We have computer vision, NLP and decision trees inference acceleration.

harishprab OP t1_iucyp3o wrote on October 30, 2022 at 11:48 AM

#340,104

Replying to pommedeterresautee (#319,661)

Maybe we’ll have it as a dependency. We’re also planning to do some of our own work on NLP. So thought we’ll have it as a non dependency

limpbizkit4prez t1_iud9604 wrote on October 30, 2022 at 1:31 PM

#342,526

Replying to harishprab (#340,031)

Oh wow, I have no idea how I missed the other parts of the readme that shows other types of applications. Do you plan on showing any benchmarks against other frameworks?

PlayOffQuinnCook t1_iueq6l4 wrote on October 30, 2022 at 7:39 PM

#353,863

Replying to harishprab (#339,963)

I understand that.

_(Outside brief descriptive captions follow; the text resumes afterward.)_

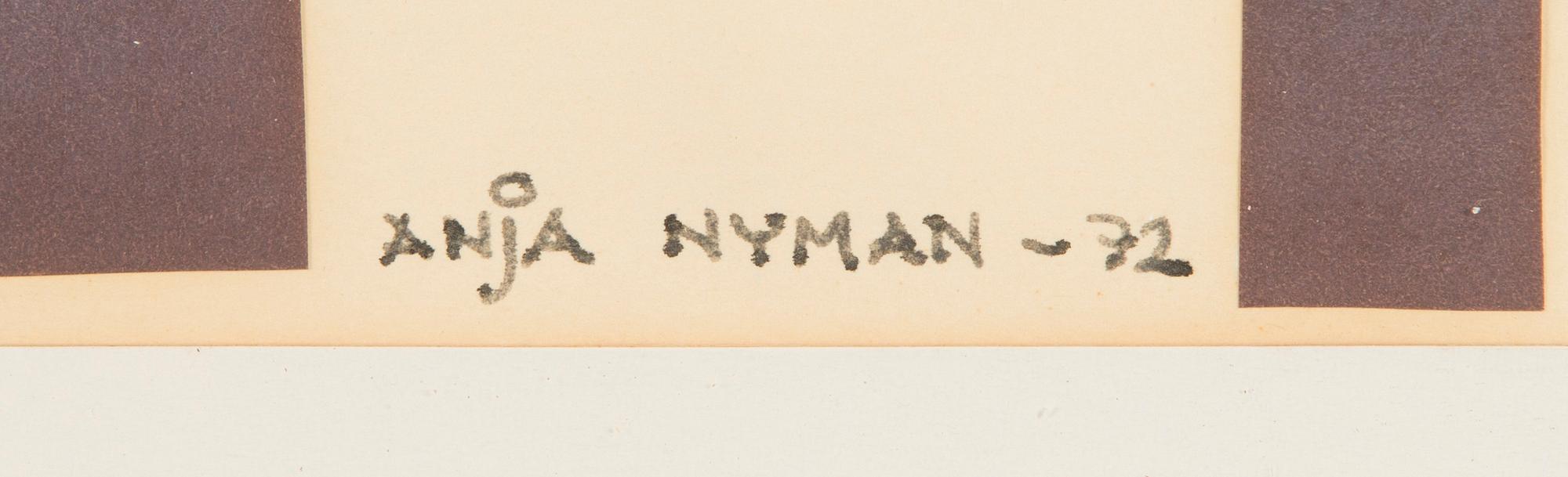 Anja Nyman, "Vaiennut viulu" (Den tystnade fiolen).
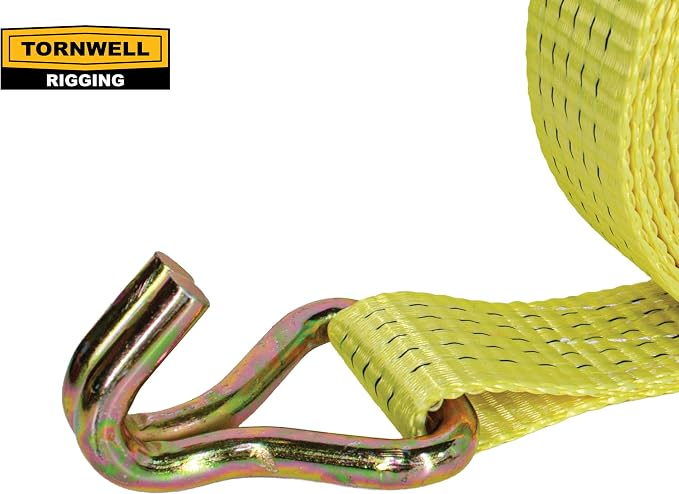 6 Pack 2" x 15' Ratchet Tie Down Straps, Heavy Duty Cargo Straps with J Hooks and Comfort Handles, 5,000 lb Break Strength, 1,670 lb WLL for Trucks and Trailers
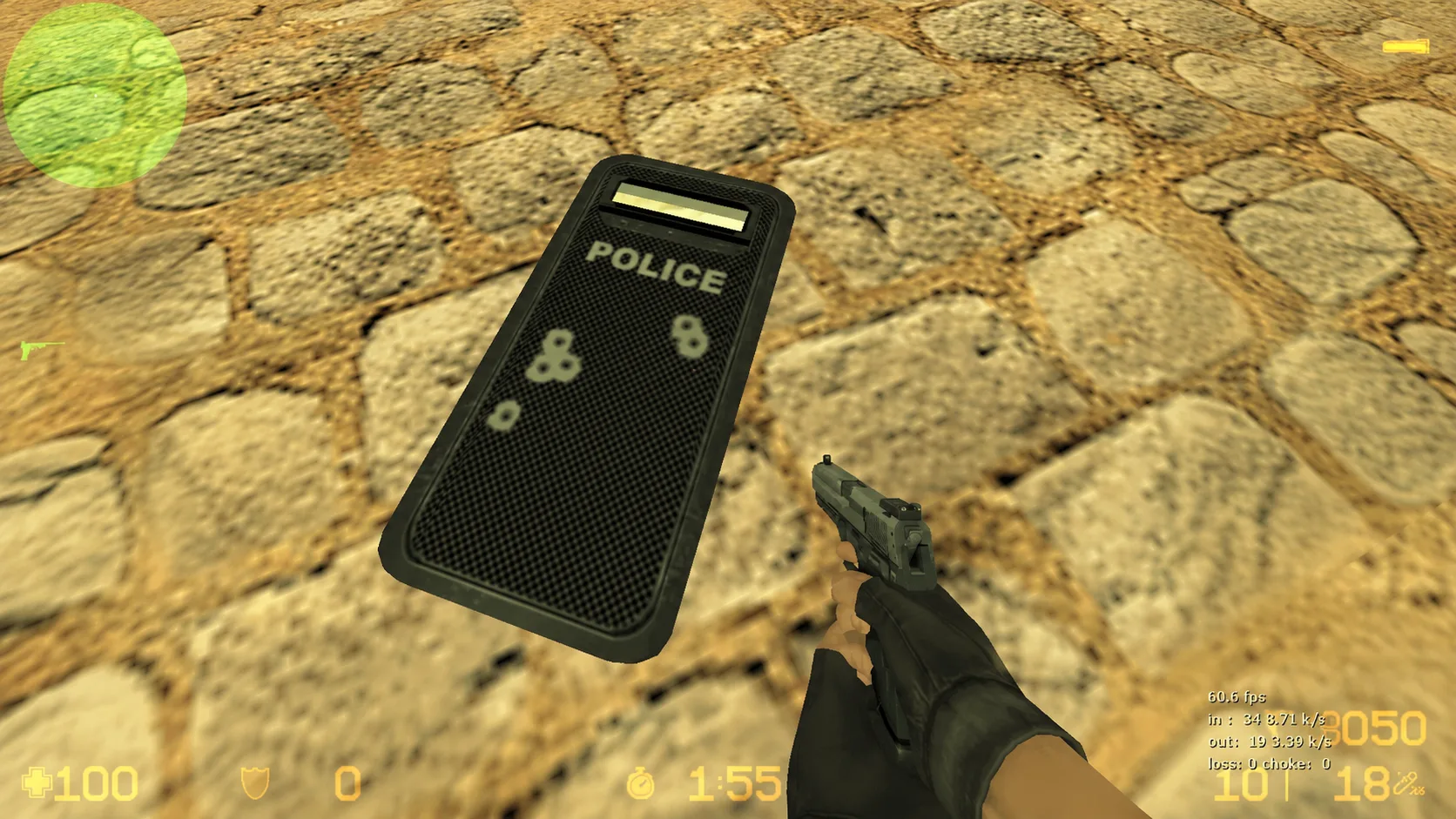 Model Tarczy "Police Carbon" do CS 1.6 — 2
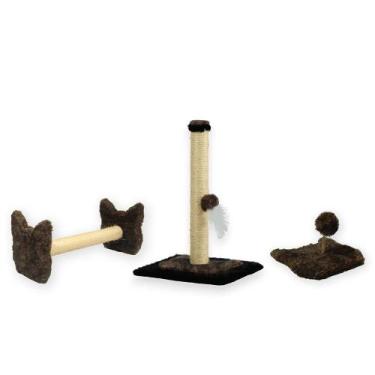 Imagem de Arranhador Para Gatos Poste P Torre Sisal Poste Horizontal e Mola Malu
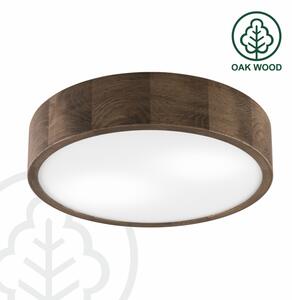 Brilagi - LED Stropní svítidlo CARVALHO 2xE27/60W/230V dub ořech pr. 37 cm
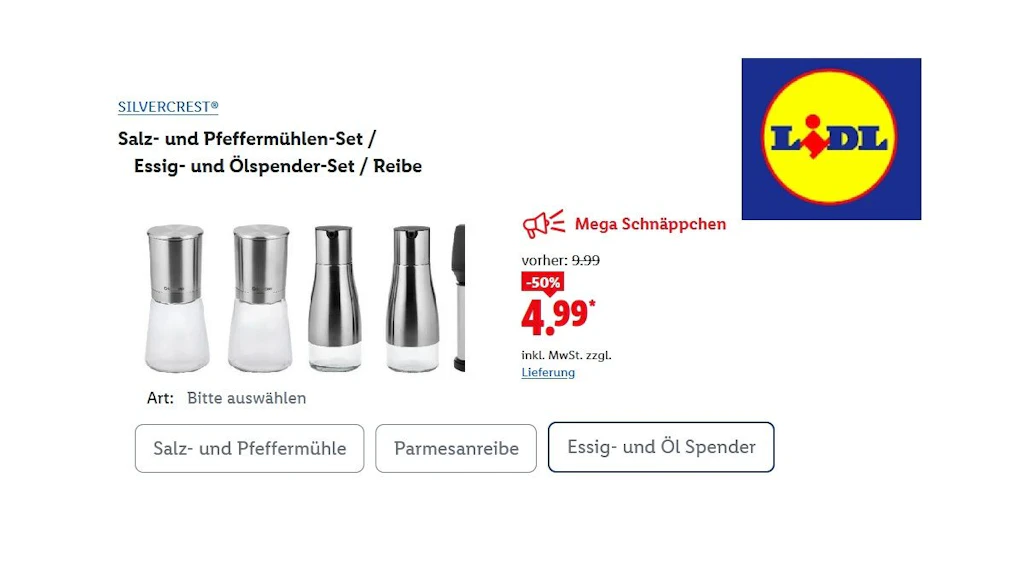 Silvercrest Salz- und Pfeffermühlenset 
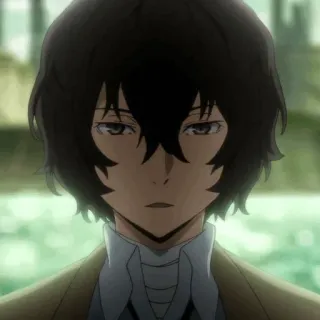 ✨ Dazai Osamu Bungo Stray Dogs อนิเมะ, ดาไซ โอซามุ, Bungo Stray Dogs, ภาพเหมือน, ตัวละคร telegram sticker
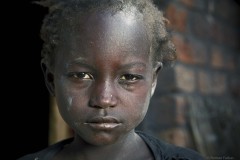 Tchad, child in village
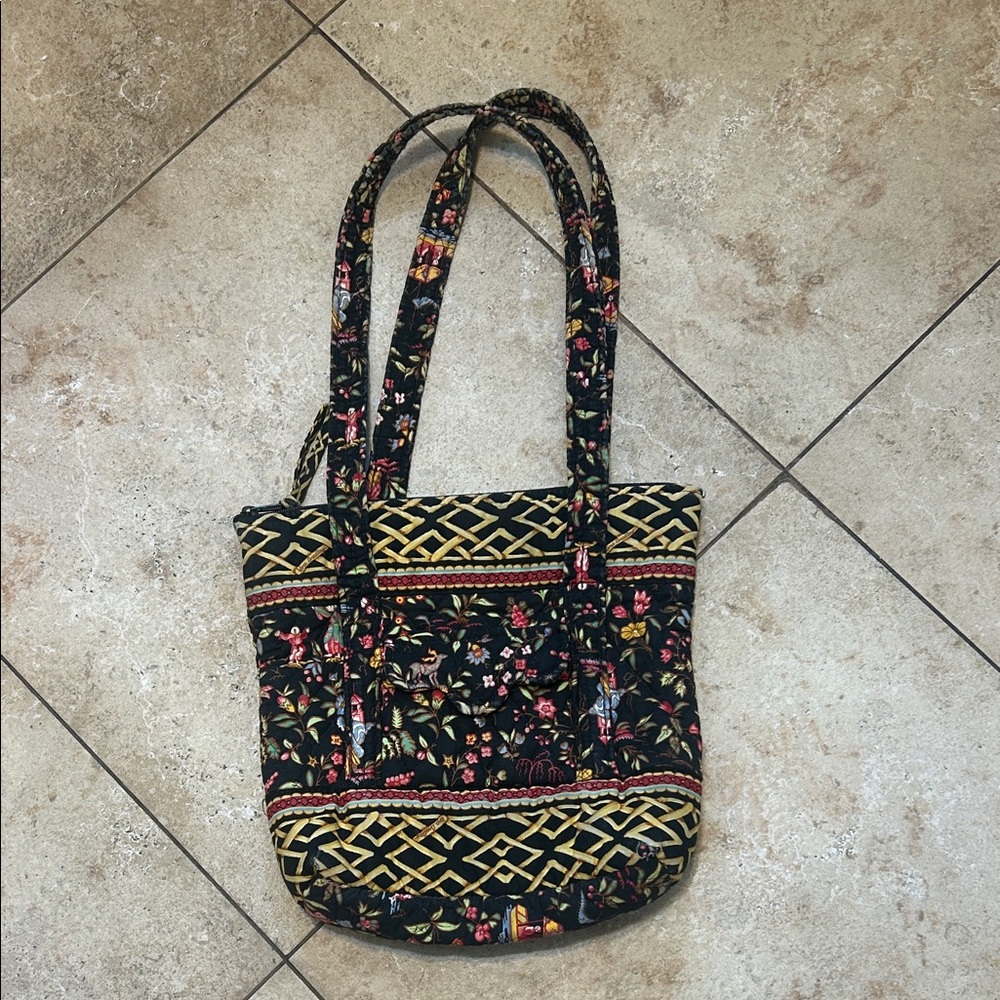 VERA BRADLEY small zip shoulder tote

But let’s say I have these operators named as c1, b1, r1 instead of what it expects, the fusion logic won’t work. So my question was if this library works only a fixed set of models defined in the library itself or it can work against any models users write.

harishprab OP t1_iugkqy9 wrote on October 31, 2022 at 3:55 AM

#370,166

Right now it supports only for the models that are supported by these libraries. We have tried fusion manually earlier but ran into many issues given the diversity of models. So we stuck to torchfx and trt. Maybe in the future we can make it modular so that it can work on any model.